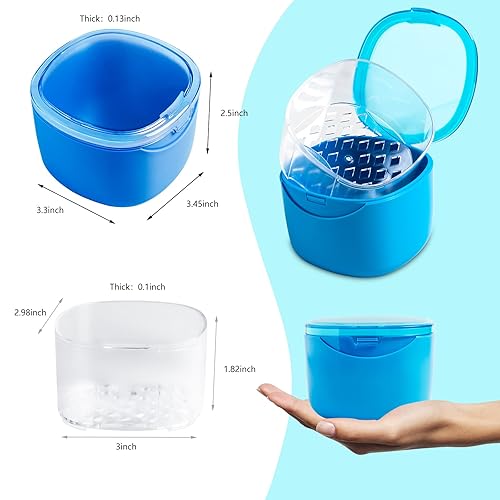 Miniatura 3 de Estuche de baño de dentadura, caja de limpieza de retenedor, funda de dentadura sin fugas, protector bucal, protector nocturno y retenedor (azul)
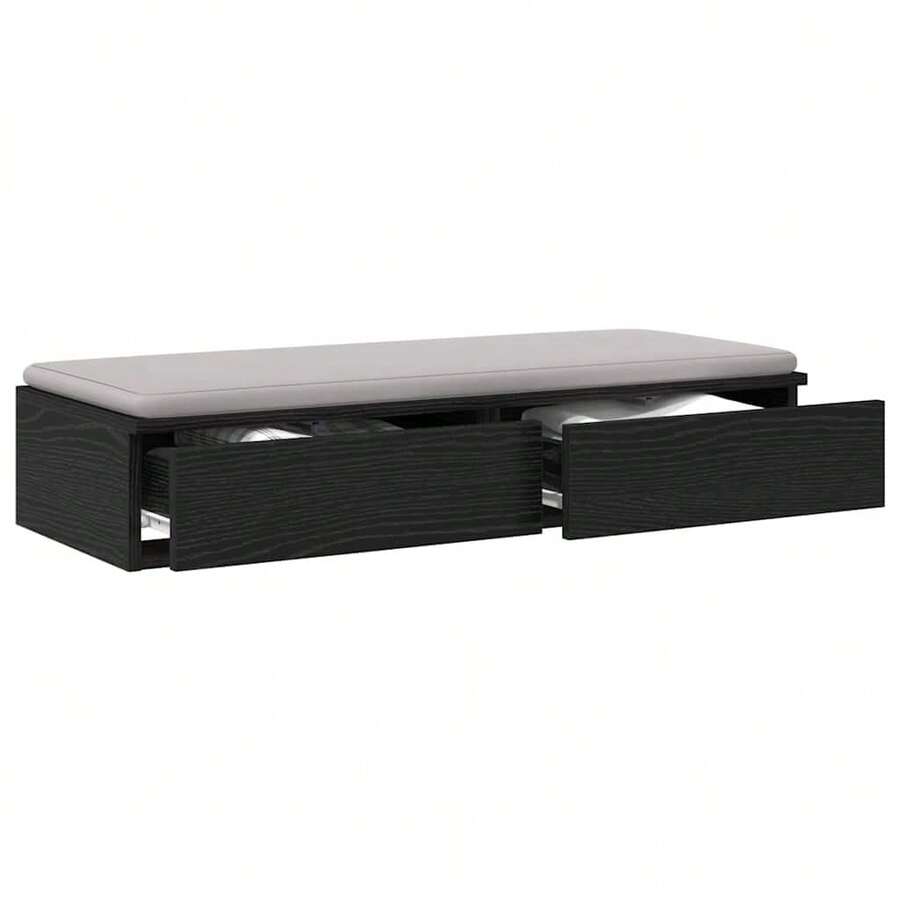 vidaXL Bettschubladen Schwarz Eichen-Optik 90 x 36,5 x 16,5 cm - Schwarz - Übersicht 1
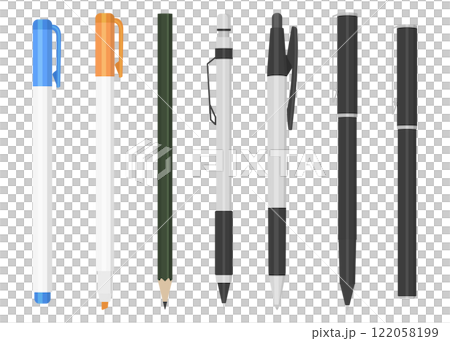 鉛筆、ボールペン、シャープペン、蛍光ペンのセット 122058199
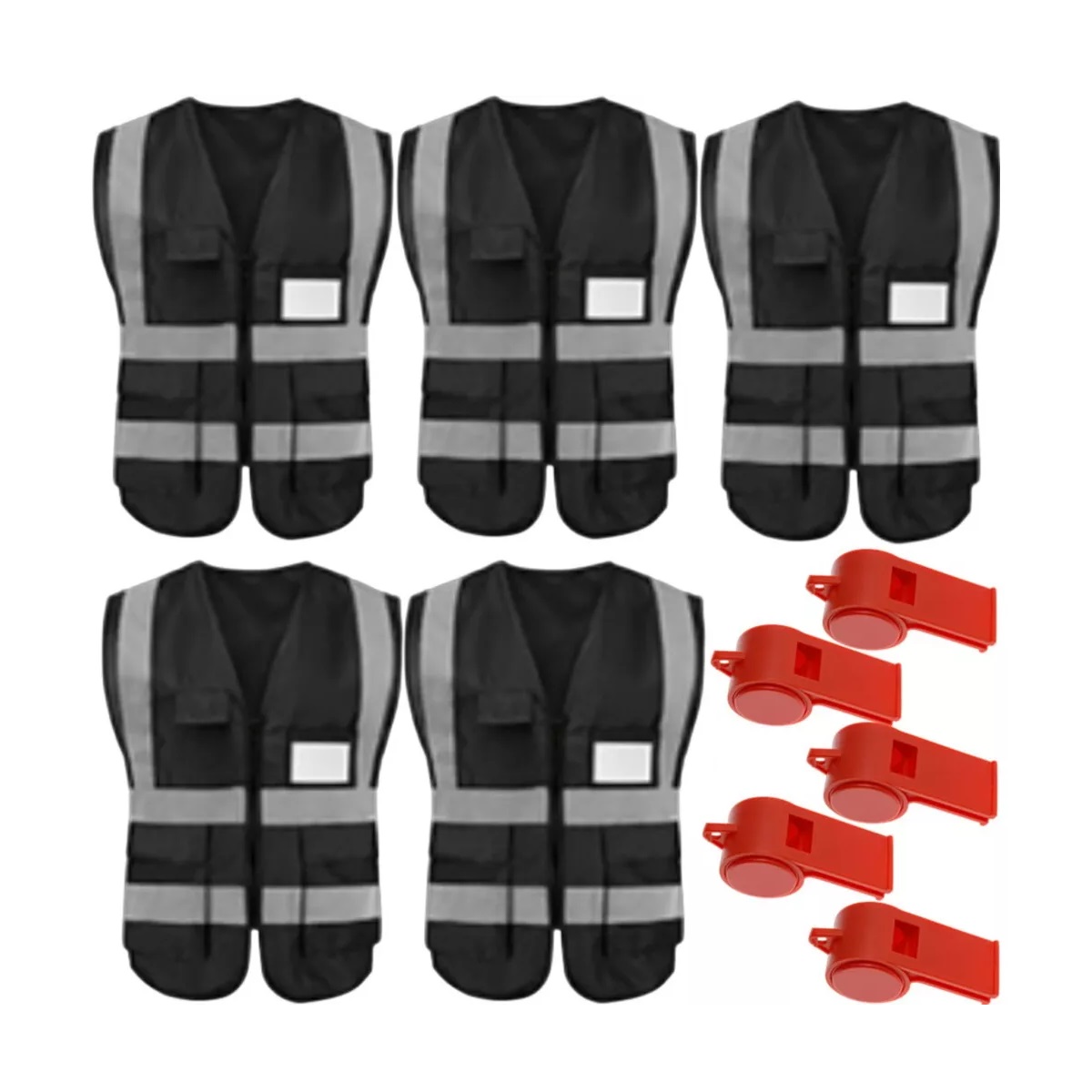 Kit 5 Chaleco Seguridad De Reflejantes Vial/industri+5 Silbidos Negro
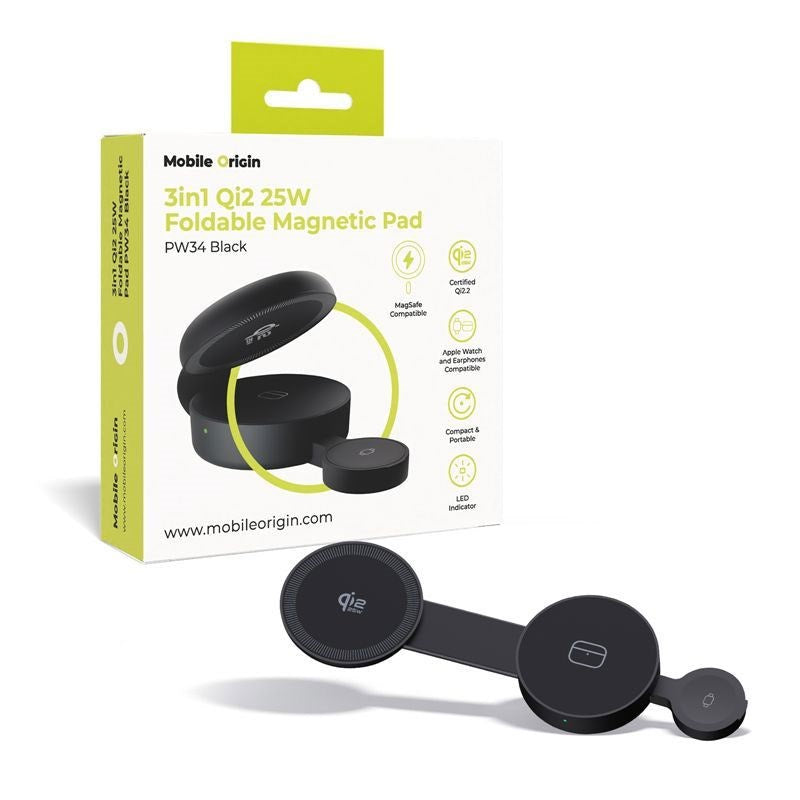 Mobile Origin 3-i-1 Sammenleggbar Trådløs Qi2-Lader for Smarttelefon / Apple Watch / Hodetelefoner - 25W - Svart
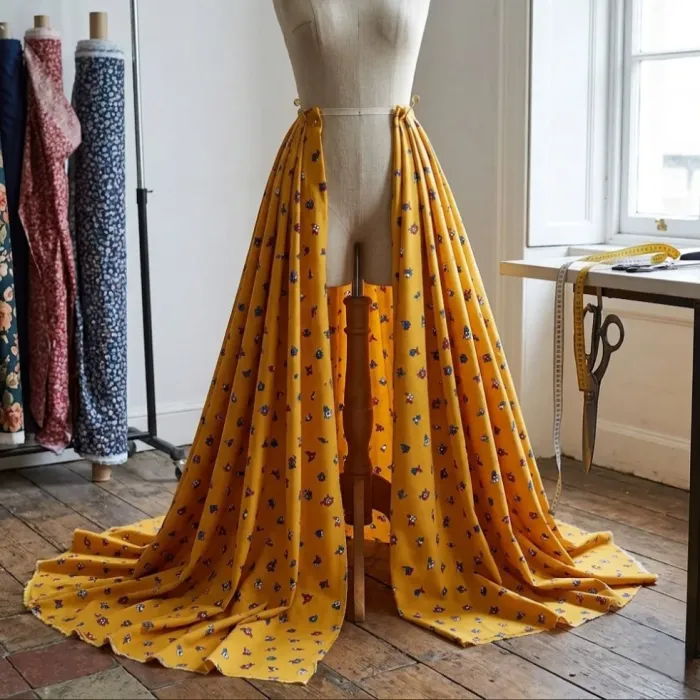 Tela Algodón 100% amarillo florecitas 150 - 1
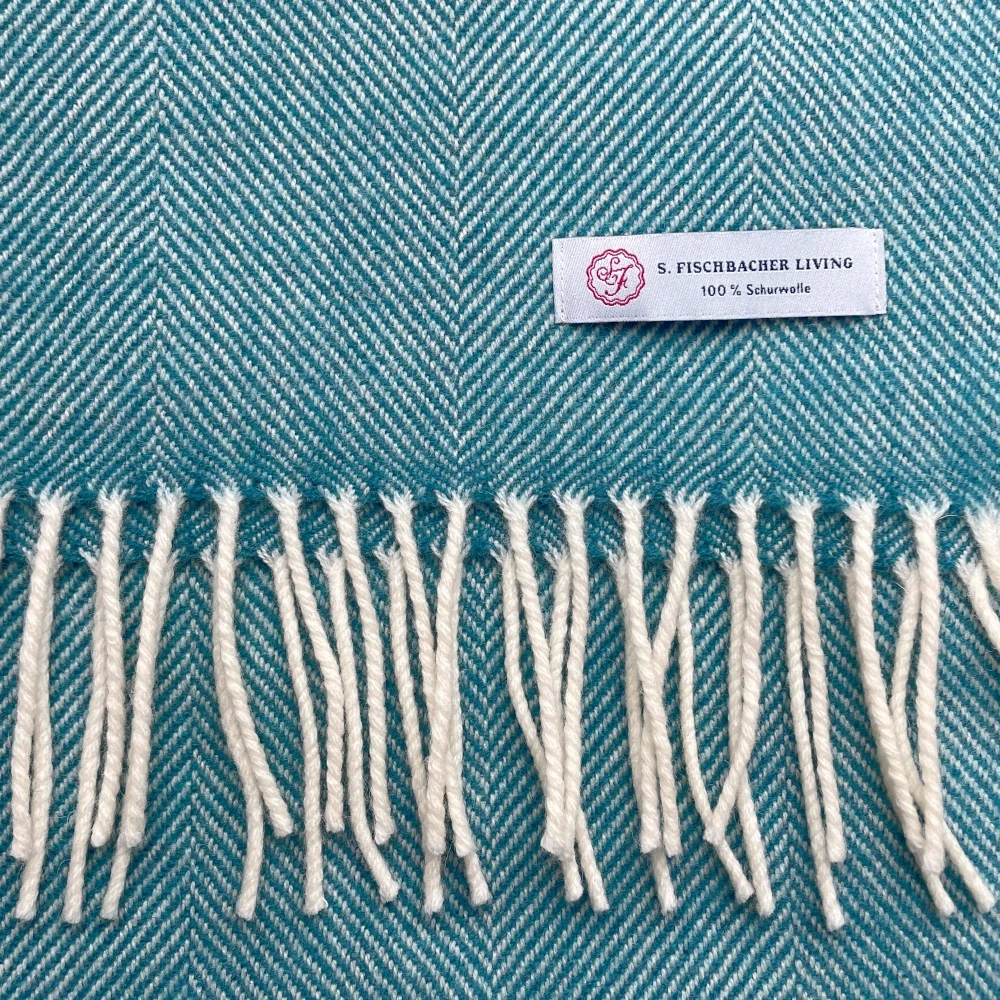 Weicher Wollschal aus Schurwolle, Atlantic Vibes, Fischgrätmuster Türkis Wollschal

--

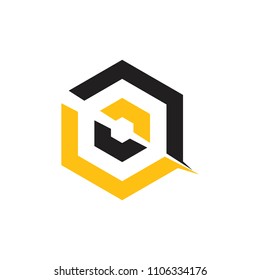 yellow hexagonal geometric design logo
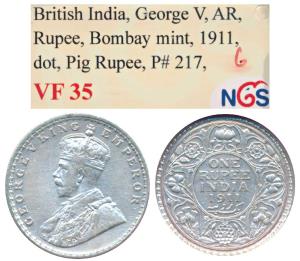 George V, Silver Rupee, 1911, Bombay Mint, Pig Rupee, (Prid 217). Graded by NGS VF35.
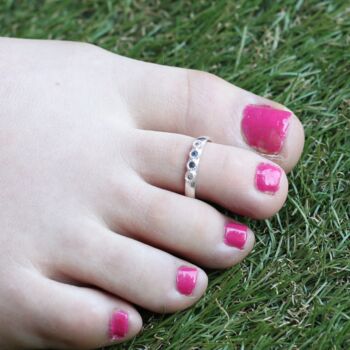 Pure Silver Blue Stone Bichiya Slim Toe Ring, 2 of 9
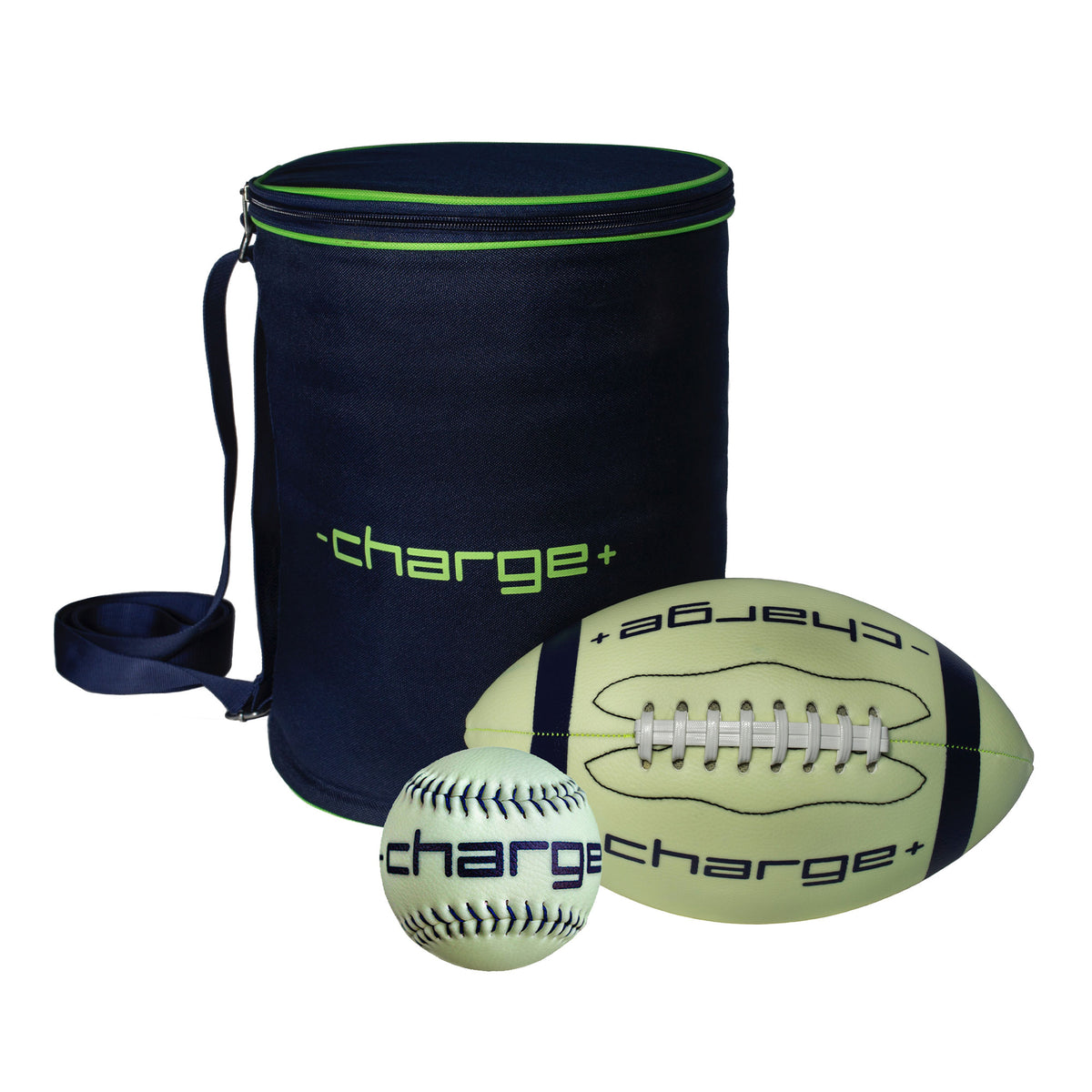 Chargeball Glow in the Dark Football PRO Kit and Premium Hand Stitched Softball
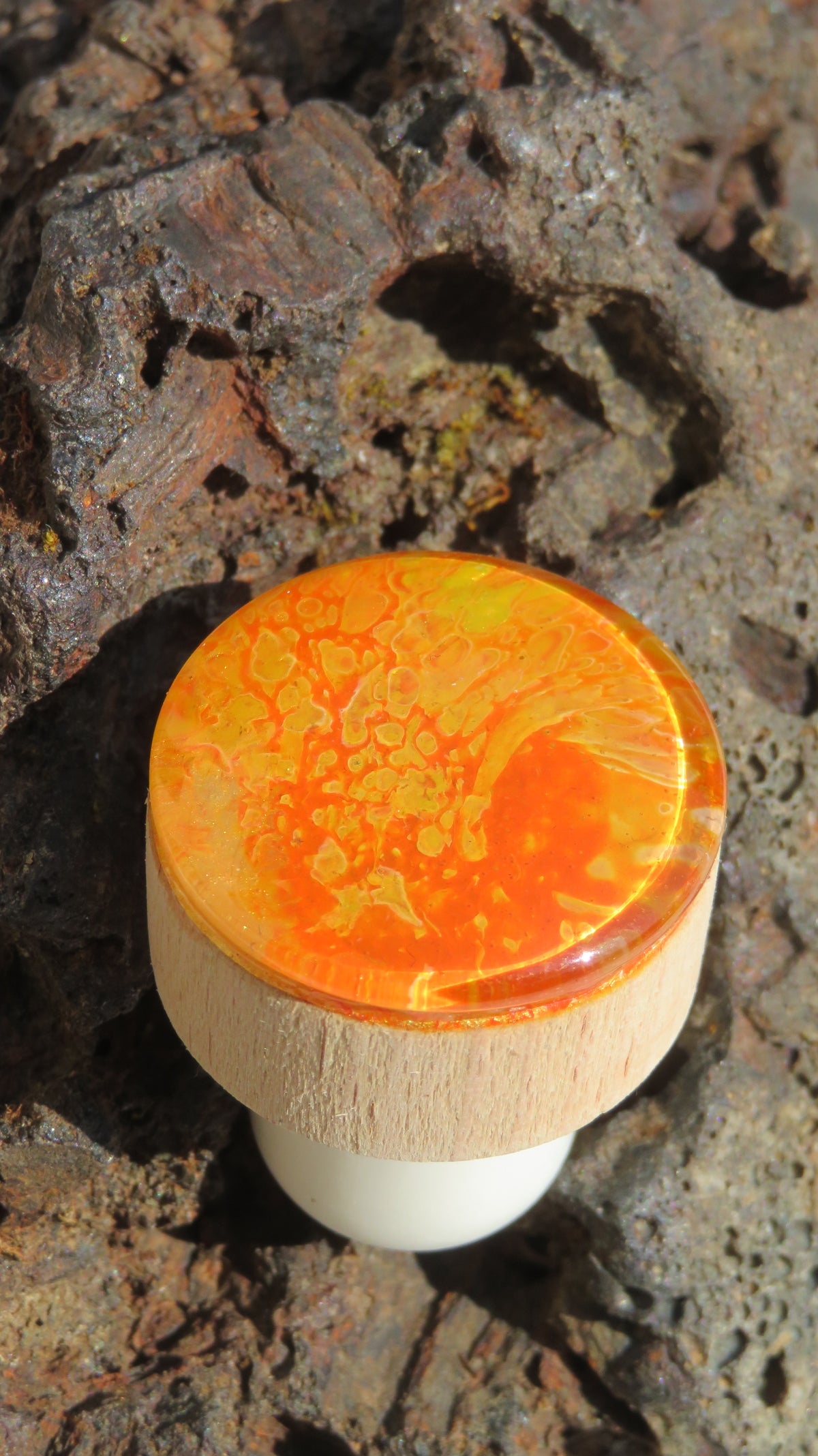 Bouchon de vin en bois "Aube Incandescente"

### ACTION ITEM
Write back the stretch of lines above that begins with the line holding "Miniatura 3 de" and ends with the line holding "鉛筆、ボールペン、シャープペン、蛍光ペンのセット 122058199", both included, exactly as written. Pictures stay out.

### RESPONSE AREA
 Miniatura 3 de Estuche de baño de dentadura, caja de limpieza de retenedor, funda de dentadura sin fugas, protector bucal, protector nocturno y retenedor (azul)
 vidaXL Bettschubladen Schwarz Eichen-Optik 90 x 36,5 x 16,5 cm - Schwarz - Übersicht 1
 鉛筆、ボールペン、シャープペン、蛍光ペンのセット 122058199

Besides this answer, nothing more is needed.